What to produce — The line with "495 E Park Manor Court, Elmhurst, IL 60126" marks the first line to copy, and the line with "Xúc động hình" marks the last. Transcribe that stretch of the data below exactly, without pictures.

Study material —
---*---

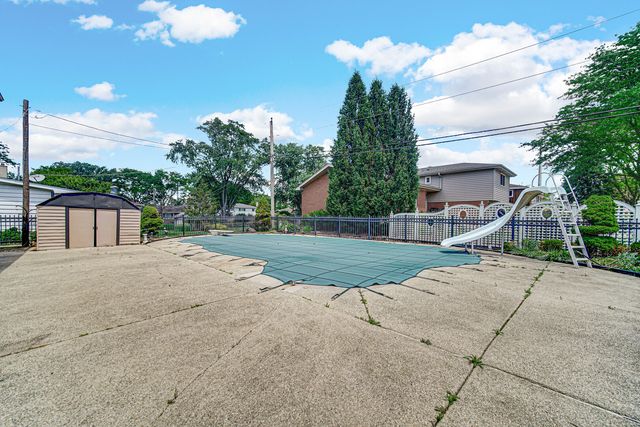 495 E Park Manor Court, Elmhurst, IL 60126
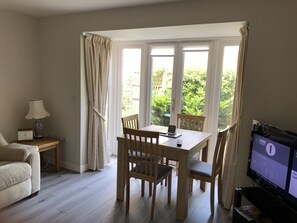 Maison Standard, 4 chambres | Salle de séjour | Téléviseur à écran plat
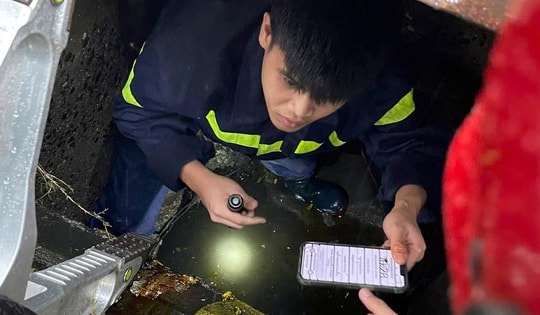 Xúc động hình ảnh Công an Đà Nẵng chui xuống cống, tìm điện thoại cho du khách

---*---

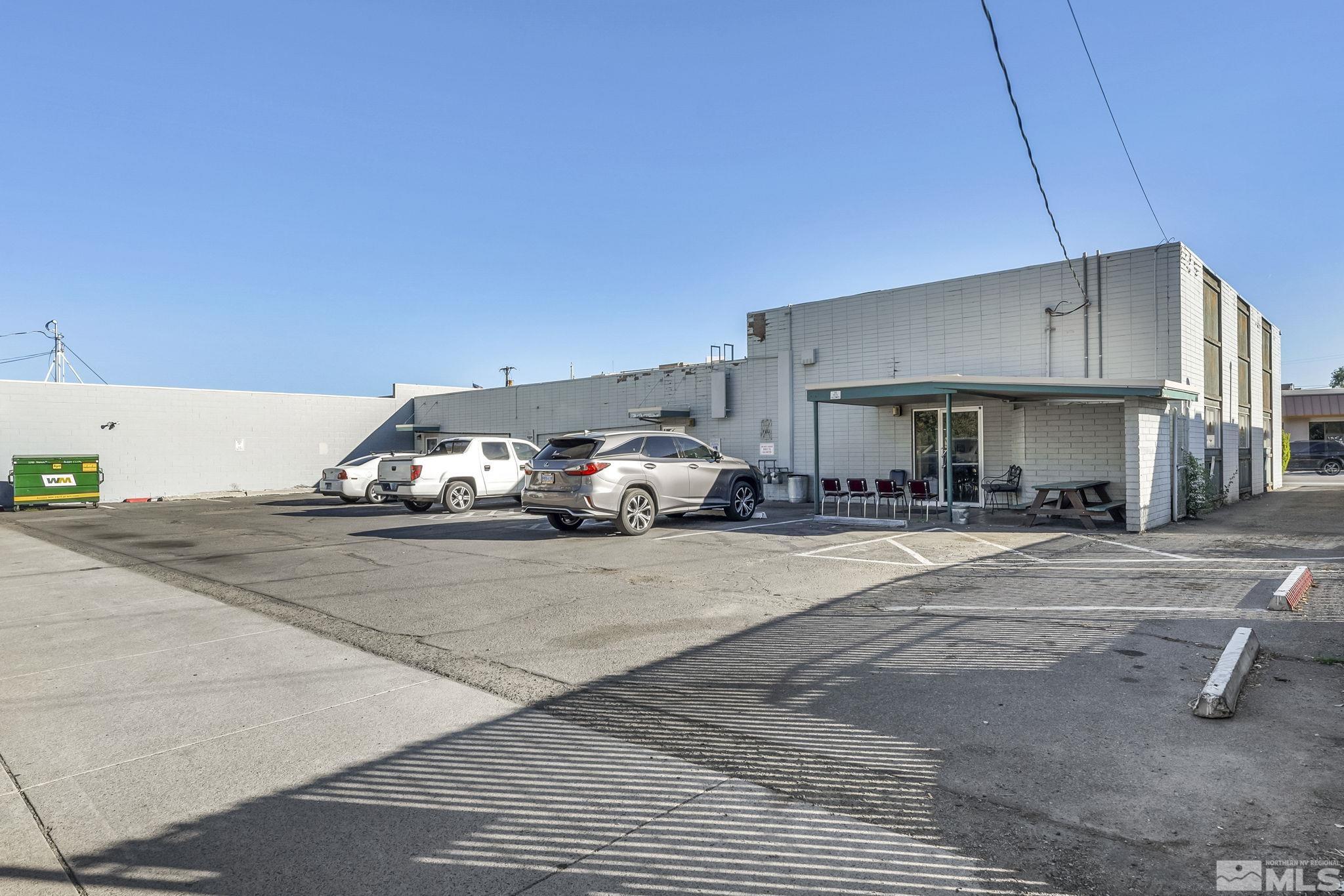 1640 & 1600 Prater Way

---*---

Problem solution —
 495 E Park Manor Court, Elmhurst, IL 60126
 Maison Standard, 4 chambres | Salle de séjour | Téléviseur à écran plat
 Xúc động hình ảnh Công an Đà Nẵng chui xuống cống, tìm điện thoại cho du khách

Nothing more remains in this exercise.